Dr. Bob Rishiraj, who ended up performing the operation, said he wasn’t concerned about any billing “politics,” especially after learning the patient had been taking opioids and methadone for days, and a longer wait for surgery carried the risk of infection. .

“It became very worrying to me that he was using a lot of morphine and that his pain was not well controlled. If we don’t, we have the problem of possibly having someone with narcotic abuse potential in the future,” she said.

“I think a patient is a patient and it doesn’t matter if they’re from Quebec, Ontario or wherever. I think they should just get treatment,” Rishiraj said.

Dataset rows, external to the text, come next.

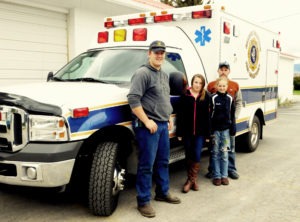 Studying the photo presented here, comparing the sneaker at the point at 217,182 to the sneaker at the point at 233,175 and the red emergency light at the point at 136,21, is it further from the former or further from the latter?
the red emergency light at the point at 136,21

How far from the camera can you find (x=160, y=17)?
6289 millimetres

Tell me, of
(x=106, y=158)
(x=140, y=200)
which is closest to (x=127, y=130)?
(x=106, y=158)

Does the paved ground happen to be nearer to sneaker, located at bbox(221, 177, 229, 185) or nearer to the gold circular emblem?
sneaker, located at bbox(221, 177, 229, 185)

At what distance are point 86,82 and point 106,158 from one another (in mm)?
1171

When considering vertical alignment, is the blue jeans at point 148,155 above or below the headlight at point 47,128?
below

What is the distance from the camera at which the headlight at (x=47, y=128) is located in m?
3.56

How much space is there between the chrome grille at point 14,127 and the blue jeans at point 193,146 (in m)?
2.18

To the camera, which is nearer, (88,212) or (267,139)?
(88,212)

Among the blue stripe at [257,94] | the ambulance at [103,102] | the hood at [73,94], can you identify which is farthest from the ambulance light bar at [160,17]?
the hood at [73,94]

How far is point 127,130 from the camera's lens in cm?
431

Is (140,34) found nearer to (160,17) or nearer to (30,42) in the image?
(160,17)

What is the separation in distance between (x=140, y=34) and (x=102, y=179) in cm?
225

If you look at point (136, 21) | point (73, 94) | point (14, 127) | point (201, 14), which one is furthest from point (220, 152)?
point (14, 127)

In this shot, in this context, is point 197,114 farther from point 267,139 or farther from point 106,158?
point 267,139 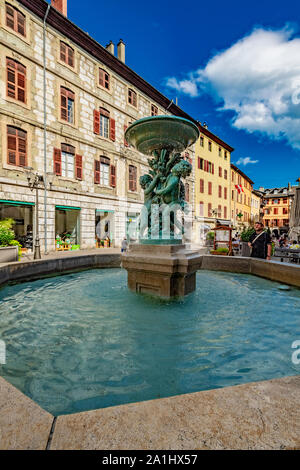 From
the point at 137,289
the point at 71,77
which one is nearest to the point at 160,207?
the point at 137,289

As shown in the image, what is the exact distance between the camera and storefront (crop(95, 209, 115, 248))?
16.4 metres

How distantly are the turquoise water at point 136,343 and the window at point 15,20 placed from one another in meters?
13.6

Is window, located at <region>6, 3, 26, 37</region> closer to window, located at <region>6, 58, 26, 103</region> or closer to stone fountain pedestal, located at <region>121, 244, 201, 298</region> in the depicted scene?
window, located at <region>6, 58, 26, 103</region>

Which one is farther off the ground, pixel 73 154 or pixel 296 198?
pixel 73 154

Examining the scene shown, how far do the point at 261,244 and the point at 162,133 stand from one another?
439cm

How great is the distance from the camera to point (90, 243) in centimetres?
1519

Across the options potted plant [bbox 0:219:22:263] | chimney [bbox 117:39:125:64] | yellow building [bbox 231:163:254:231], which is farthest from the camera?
yellow building [bbox 231:163:254:231]

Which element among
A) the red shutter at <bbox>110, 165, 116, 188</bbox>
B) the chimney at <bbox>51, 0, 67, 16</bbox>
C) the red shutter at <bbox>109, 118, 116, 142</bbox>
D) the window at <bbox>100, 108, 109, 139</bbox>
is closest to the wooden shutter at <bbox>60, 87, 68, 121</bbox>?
the window at <bbox>100, 108, 109, 139</bbox>

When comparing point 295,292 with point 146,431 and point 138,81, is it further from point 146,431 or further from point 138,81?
point 138,81

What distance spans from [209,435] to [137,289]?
380cm

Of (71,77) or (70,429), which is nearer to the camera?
(70,429)

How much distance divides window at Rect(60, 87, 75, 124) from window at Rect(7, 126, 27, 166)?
9.67ft

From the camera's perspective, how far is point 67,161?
13906 millimetres

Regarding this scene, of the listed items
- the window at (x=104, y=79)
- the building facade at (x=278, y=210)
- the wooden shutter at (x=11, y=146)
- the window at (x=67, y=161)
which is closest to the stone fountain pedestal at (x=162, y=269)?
the wooden shutter at (x=11, y=146) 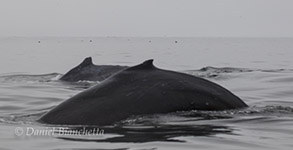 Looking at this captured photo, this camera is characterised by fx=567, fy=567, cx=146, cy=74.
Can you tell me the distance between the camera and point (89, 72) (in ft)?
46.4

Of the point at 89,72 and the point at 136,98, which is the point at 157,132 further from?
the point at 89,72

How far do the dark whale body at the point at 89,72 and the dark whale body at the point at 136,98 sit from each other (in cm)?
680

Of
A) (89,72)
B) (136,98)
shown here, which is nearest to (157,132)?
(136,98)

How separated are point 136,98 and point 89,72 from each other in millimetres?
7678

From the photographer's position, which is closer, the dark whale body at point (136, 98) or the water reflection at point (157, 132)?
the water reflection at point (157, 132)

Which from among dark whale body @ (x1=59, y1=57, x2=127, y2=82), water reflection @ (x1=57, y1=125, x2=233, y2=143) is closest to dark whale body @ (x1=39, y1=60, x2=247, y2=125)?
water reflection @ (x1=57, y1=125, x2=233, y2=143)

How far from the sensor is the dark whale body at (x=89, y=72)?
13773 mm

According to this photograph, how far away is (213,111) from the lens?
7000 millimetres

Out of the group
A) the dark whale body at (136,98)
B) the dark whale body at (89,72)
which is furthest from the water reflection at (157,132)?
the dark whale body at (89,72)

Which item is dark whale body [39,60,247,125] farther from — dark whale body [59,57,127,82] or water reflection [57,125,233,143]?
dark whale body [59,57,127,82]

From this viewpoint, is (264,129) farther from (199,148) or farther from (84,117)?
(84,117)

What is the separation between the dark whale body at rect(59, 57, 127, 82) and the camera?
13773 mm

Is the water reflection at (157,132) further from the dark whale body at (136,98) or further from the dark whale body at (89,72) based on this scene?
the dark whale body at (89,72)

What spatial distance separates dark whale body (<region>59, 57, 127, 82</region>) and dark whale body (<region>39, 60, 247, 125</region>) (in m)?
6.80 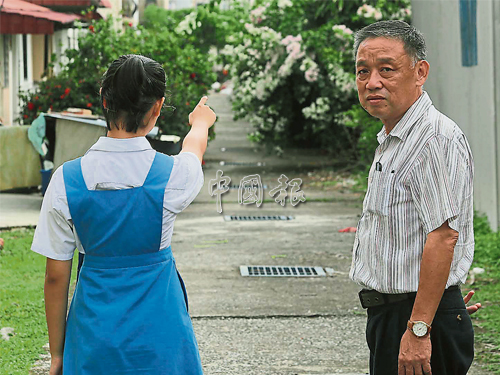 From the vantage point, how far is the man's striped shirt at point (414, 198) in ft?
8.59

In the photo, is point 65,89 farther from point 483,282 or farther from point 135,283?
point 135,283

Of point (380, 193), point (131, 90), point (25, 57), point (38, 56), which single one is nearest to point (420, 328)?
→ point (380, 193)

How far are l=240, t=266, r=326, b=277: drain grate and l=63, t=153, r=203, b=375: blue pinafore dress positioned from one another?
459cm

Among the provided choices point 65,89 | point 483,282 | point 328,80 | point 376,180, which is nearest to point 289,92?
point 328,80

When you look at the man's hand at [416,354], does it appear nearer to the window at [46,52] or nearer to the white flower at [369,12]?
the white flower at [369,12]

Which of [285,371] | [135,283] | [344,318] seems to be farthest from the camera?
[344,318]

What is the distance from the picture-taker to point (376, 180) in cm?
277

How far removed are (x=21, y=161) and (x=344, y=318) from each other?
6.25 metres

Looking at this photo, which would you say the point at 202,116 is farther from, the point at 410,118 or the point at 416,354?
the point at 416,354

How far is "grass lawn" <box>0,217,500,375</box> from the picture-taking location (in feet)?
16.4

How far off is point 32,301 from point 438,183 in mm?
4253

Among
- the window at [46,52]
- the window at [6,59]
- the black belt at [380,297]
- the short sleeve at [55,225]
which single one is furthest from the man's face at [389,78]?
the window at [46,52]

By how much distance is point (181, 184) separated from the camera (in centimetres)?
272

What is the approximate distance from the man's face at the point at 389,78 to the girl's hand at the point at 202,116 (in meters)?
0.58
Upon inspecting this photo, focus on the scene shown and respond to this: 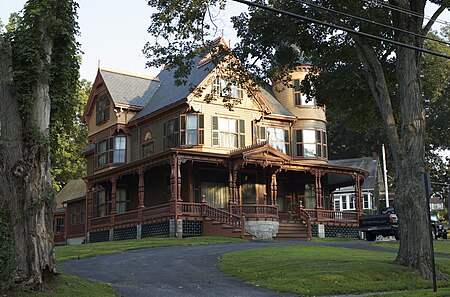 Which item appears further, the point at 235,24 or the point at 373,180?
the point at 373,180

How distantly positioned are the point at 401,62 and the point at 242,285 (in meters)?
7.83

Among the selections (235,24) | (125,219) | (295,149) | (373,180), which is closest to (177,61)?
(235,24)

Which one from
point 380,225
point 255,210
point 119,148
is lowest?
point 380,225

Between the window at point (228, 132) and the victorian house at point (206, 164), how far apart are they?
7cm

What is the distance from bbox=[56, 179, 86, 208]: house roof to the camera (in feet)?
156

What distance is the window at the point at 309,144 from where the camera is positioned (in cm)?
3909

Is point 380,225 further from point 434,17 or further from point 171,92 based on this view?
point 434,17

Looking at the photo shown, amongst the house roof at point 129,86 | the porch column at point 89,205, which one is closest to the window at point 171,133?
the house roof at point 129,86

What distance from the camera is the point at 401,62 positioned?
55.5 ft

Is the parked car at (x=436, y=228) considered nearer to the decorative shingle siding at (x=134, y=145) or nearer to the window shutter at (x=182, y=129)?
the window shutter at (x=182, y=129)

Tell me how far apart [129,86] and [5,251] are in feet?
97.9

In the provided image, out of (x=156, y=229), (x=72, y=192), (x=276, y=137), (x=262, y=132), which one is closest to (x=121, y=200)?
(x=156, y=229)

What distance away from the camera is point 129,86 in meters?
40.4

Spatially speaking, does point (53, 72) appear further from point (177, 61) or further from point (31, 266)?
point (177, 61) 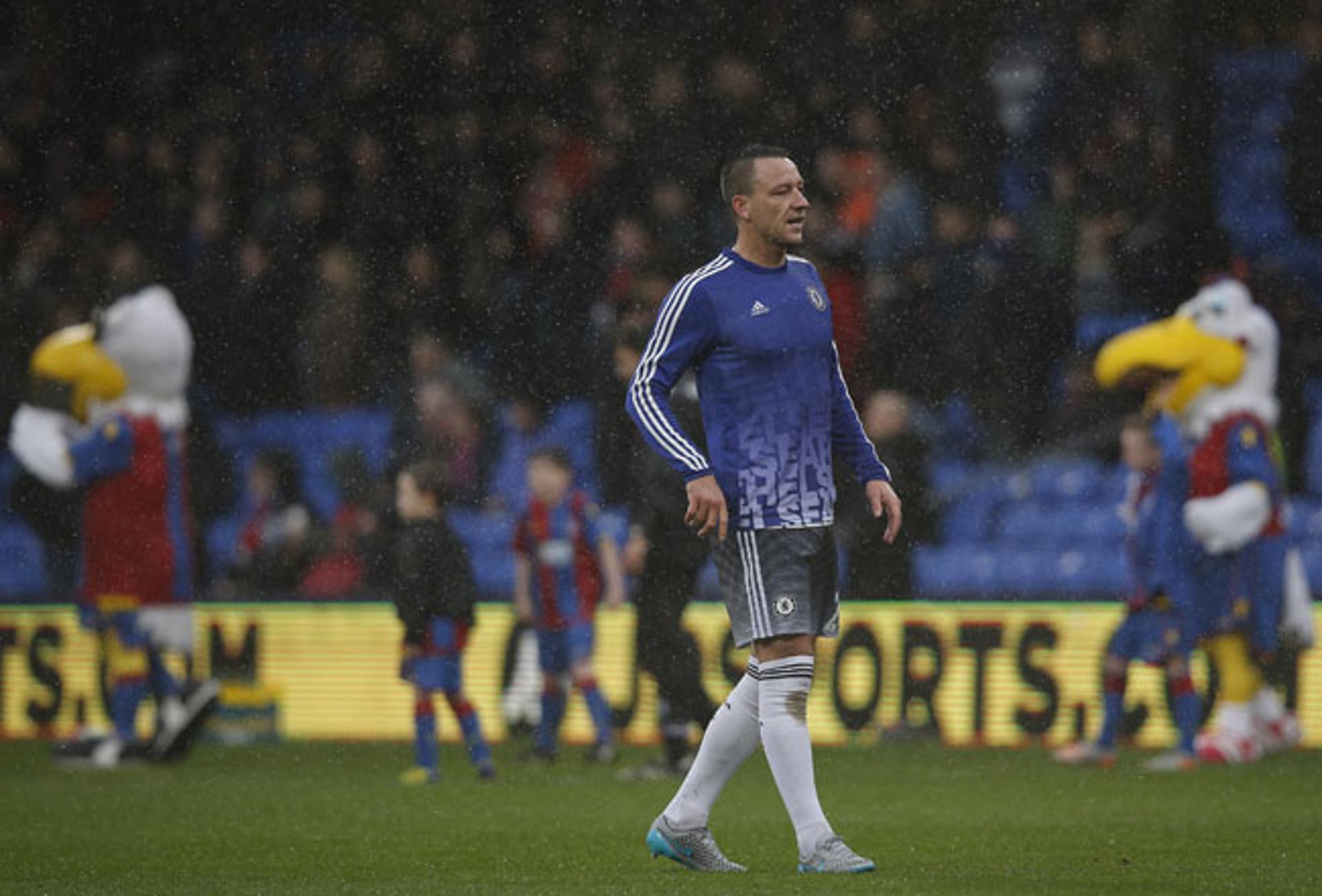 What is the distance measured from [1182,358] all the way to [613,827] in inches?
170

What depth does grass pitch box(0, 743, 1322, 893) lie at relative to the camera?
6875 millimetres

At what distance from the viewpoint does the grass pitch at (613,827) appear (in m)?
6.88

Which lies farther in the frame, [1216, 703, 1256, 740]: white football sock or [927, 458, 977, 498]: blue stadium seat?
[927, 458, 977, 498]: blue stadium seat

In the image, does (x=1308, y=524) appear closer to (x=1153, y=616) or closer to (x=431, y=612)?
(x=1153, y=616)

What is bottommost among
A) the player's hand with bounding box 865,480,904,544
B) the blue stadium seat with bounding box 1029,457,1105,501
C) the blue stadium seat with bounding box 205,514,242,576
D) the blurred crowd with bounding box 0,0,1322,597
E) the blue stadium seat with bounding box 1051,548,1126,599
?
the blue stadium seat with bounding box 1051,548,1126,599

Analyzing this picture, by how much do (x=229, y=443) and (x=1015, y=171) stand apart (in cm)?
563

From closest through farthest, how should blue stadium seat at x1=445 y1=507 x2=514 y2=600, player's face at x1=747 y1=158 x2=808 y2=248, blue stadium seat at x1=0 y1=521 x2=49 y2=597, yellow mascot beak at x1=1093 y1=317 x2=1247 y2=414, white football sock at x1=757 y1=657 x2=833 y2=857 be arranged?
1. white football sock at x1=757 y1=657 x2=833 y2=857
2. player's face at x1=747 y1=158 x2=808 y2=248
3. yellow mascot beak at x1=1093 y1=317 x2=1247 y2=414
4. blue stadium seat at x1=445 y1=507 x2=514 y2=600
5. blue stadium seat at x1=0 y1=521 x2=49 y2=597

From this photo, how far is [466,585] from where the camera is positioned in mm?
11195

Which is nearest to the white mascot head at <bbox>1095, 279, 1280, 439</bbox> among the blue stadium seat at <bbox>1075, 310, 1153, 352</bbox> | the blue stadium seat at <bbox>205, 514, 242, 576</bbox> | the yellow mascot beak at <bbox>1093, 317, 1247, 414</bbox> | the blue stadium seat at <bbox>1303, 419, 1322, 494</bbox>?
the yellow mascot beak at <bbox>1093, 317, 1247, 414</bbox>

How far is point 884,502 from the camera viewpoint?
7.04 meters

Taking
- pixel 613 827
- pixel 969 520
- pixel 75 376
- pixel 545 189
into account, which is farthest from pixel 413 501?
pixel 545 189

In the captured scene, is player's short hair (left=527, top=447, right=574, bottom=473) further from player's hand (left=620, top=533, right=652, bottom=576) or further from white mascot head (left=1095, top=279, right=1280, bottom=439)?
white mascot head (left=1095, top=279, right=1280, bottom=439)

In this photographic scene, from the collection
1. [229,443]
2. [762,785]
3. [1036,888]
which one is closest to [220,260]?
[229,443]

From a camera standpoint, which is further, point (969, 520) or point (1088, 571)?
point (969, 520) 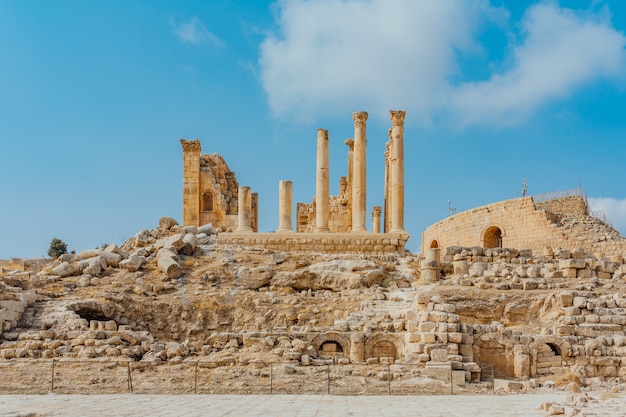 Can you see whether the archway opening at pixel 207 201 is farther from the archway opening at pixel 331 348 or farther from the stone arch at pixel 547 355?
the stone arch at pixel 547 355

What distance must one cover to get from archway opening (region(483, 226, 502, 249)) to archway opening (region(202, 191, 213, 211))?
1462 centimetres

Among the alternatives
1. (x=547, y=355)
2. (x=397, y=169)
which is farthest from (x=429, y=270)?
(x=397, y=169)

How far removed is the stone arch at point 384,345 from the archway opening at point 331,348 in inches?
28.0

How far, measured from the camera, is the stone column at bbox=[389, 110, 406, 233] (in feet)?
98.7

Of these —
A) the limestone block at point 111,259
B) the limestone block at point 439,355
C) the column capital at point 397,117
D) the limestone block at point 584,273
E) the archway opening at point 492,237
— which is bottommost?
the limestone block at point 439,355

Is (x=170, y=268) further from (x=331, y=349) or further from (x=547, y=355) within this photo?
(x=547, y=355)

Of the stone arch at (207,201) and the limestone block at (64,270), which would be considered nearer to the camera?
the limestone block at (64,270)

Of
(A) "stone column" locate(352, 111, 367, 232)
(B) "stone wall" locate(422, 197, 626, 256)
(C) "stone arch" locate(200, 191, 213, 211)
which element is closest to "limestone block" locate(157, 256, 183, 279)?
(A) "stone column" locate(352, 111, 367, 232)

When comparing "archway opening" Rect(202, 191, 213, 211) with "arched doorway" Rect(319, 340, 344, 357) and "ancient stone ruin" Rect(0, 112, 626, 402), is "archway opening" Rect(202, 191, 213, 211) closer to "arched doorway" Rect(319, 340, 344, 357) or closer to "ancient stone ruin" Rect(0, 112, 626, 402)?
"ancient stone ruin" Rect(0, 112, 626, 402)

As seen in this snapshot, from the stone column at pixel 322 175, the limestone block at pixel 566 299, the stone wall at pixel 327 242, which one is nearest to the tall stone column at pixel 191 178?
the stone wall at pixel 327 242

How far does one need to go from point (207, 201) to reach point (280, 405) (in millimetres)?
26659

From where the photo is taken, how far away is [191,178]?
37.2 metres

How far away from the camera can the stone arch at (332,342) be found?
691 inches

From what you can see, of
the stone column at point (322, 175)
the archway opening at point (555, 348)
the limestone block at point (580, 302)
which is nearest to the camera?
the archway opening at point (555, 348) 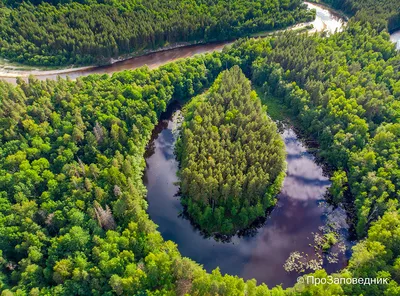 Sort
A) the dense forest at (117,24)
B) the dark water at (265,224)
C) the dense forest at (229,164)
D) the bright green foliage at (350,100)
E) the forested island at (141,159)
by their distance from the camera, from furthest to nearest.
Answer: the dense forest at (117,24), the bright green foliage at (350,100), the dense forest at (229,164), the dark water at (265,224), the forested island at (141,159)

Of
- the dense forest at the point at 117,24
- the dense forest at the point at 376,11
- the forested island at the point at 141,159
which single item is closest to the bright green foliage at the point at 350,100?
the forested island at the point at 141,159

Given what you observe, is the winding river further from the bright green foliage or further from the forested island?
the bright green foliage

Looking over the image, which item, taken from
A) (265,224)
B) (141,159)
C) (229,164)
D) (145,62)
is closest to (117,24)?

The risk of a billed patient not paying a doctor is low, and cost did not appear to be an issue for Belanger’s family, he said.

Salud Interior did not respond to an interview request, but said in an email that the doctors are not employees of the health authority.

Ferris said the family paid Rishiraj $2,563 and will request a refund from Quebec.

The irony is that the family used their private health insurance while traveling out of the country, but did not expect to have to rely on it in Canada, he said.

“It’s mind-boggling to me, a bit shocking.”

The British Columbia Ministry of Health did not respond to questions about Quebec patients who were denied surgery.

Dr. Katharine Smart, president of the Canadian Medical Association, said Canada’s universal health care system aims to provide care to all Canadian citizens and permanent residents.

“We strongly encourage provincial and territorial governments to work together to ensure that Canadians receive the care they need, when and where they need it, and the federal government to enforce the principles of the Canada Health Act uniformly throughout the country,” he said in a statement. written statement.

Health Canada said the mutual billing agreements are administrative arrangements between provinces and territories to help facilitate the act’s portability criteria while people are temporarily in another part of the country and need care.

“These agreements are voluntary and not a requirement of the Canada Health Act,” he said in a written response.

Belanger, who had trouble speaking because her jaw was wired shut for six weeks after the surgery, said the emotional toll she has suffered is “incalculable” in addition to the physical pain, which still includes migraines.

Damien Contandriopoulos, a professor of nursing at the University of Victoria and a health policy researcher, said that regardless of Quebec’s billing scheme, the province pays, on average, higher medical fees than other jurisdictions for the same care, the opposite. of his practice years ago.

It is common for thousands of Quebec patients to receive care from family doctors in Ontario border towns and for their province to reimburse the cost, he said, adding that he is “surprised” that a patient would be denied services due to billing issues. .

However, doctors in British Columbia, where relatively few Quebecers receive care, may be deterred from seeking information on fees paid by that province because they appear on some 3,000 pages in some complicated categories and in French, said Contandriopoulos, a former resident. of Quebec.

In Belanger’s case, the surgeon could have contacted his insurance company’s 24-7 phone line to get information from a representative, instead of saying administrators weren’t available over the weekend, Contandriopoulos said.

He called Belanger’s week-long wait for the “crazy” surgery.